In the autumn of 1819, somewhat more than a year after the death of Abraham's mother, his father married again, this time a widow lady with three children, Mrs. Sally Johnston of Elizabethtown, Kentucky. I think it is to this lady more than to his own mother that he is indebted for his good early training and formation of character. And from the following

letter in possession of the writer written to his step-brother, her own son, it will be seen that he was much more chary of her rights than her own flesh and blood. It bears the superscription, "John D. Johnston, Charleston, Coles county, Illinois," and is dated, "Springfield, Nov. 25, 1851," and reads as follows:

Dear Brother: Your letter of the 22d is just received. Your proposal about selling the East forty acres of land is all that I want or could claim for myself, but I am not satisfied with it on Mother's account. I want her to have her living, and I feel that it is my duty, to some extent, to see that she is not wronged. She had a right of dower (that is the use of one-third for life) in the other two forties; but it seems she has already let you take that, hook and line.

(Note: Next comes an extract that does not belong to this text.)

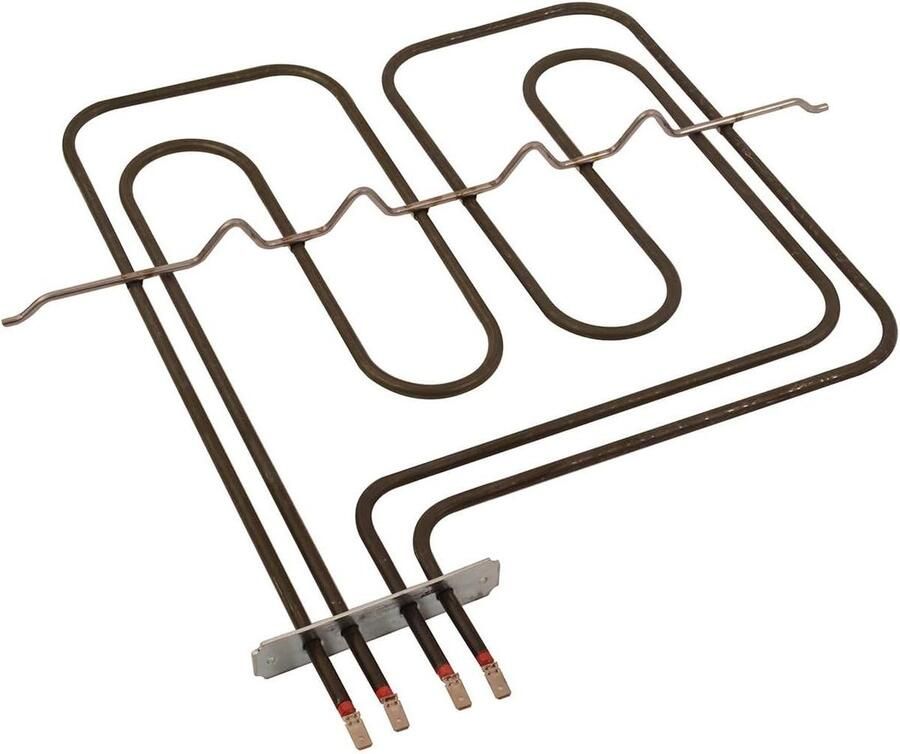 Oven Grill Verwarmingselement Ovenonderdeel Oven Reparatie Specifiek Model Compatibel Niet gespecificeerd Zilverkleurig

She now has the use of the whole of the East forty, as long as she lives; and if it be sold of course she is entitled to the interest on all the money it brings as long as she lives; but you propose to sell it for three hundred dollars, take one hundred away with you, and leave her two hundred, at 8 per cent, making her the enormous sum of sixteen dollars a year. Now, if you are satisfied with treating her in that way, I am not. It is true, that you are to have that forty for two hundred dollars, at Mother's death; but you are not to have it before. I am confident that land can be made to produce for Mother at least $30 a year, and I cannot, to oblige any living person consent that she shall be put on an allowance of sixteen dollars a year. Yours, &c., A. LINCOLN.

This lady in her eightieth year was still living at the time of the president's death, near Farmington, Coles county, Illinois.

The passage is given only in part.